Page 2 of 2

Posted: Thu Dec 08, 2005 8:34 am
by onion2k
If someone wanted to hack one of my sites, and they had $250k for the purpose, then a bribe would work far better than buying a supercomputer.

Posted: Thu Dec 08, 2005 8:56 am
by n00b Saibot
onion2k wrote:If someone wanted to hack one of my sites, and they had $250k for the purpose, then a bribe would work far better than buying a supercomputer.
umm... How much will you take :twisted:

Posted: Thu Dec 08, 2005 9:02 am
by Roja
shiflett wrote:
Roja wrote:Security researchers were able to create a specific collision, on demand, in a short period of time.
You seem to be implying that preimage attacks are possible. Do you have any proof?

Xiaoyun Wang's discoveries are a big deal, but let's not get carried away.
This is a little tricky.

A true preimage attack would allow *arbitrary* data to produce a collision. The work by Lenstra and Weger makes clear that (as of the papers publish date) there isn't a true preimage attack method known yet.

However, that paper shows a "poor mans" preimage - with a known input and output, using the known behaviors of the Merkle-Damgard construction, you can massage a new input to match the output of the original.

Or put another way, you can create a different message with the same hash result - but it isn't truly arbitrary, you have to work backwards to get it.

Then the question becomes one of effectiveness. An attacker can do the same for any hash function - even a function that has no known weaknesses. The whole goal of hash functions is to make the cost of doing that extremely high.

However, Daum and Lucks presented at Eurocrypt 2005 that their findings put that cost as low as a few hours on a normal PC. Thats certainly within the realm of concern by any reasonable security researcher.

Daum and Lucks have shown meaningful postscript and exe collisions. Wang, Weger, and Lenstra have shown meaningful X.509 collisions. Mickle has shown practical attacks against signatures. The list goes on.

Just because they haven't found a full preimage attack doesn't change the fact that the hash is compromised in a substantial way - and in a way that is specifically important to the original poster.
shiflett wrote:MD5 isn't a bad word.
On the contrary, my interpretation of the findings suggest it is. Encouraging a programmer to use md5 as a security control - when we know it can be spoofed in mere hours on a standard PC - is definitely bad practice.

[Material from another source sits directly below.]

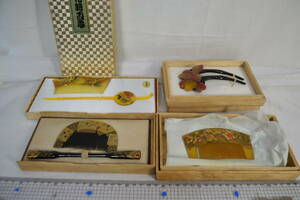 L4）かんざし・櫛　・笄など　在銘あり　「松永」「寿舟」と思われます　螺鈿・象嵌・べっこう・本蒔絵　　形・技法さまざま　多種多様に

In my opinion, MD5 is a bad word.
shiflett wrote:(PHP's session mechanism uses MD5 to generate session identifiers. Is this insecure?)
I'd say it is, yes. In the case of session identifiers, the risk is somewhat lower, because the time it takes to produce a duplicate is longer than the session is likely to be useful for. In addition, the session most likely won't have nearly as much value as a specific protected/monitored file (as the original poster is asking about).

But would it be better to migrate to a stronger mechanism? Absolutely. Related is the fact that the php internals team recently discussed a robust hash and hash_file improvement for PHP6, which adds native (read: no module needed) encryption methods far beyond the current md5/sha1 choices. Clearly, there is a need, and thankfully, professionals like Ilia Alshanetsky are championing better encryption on the PHP internals team.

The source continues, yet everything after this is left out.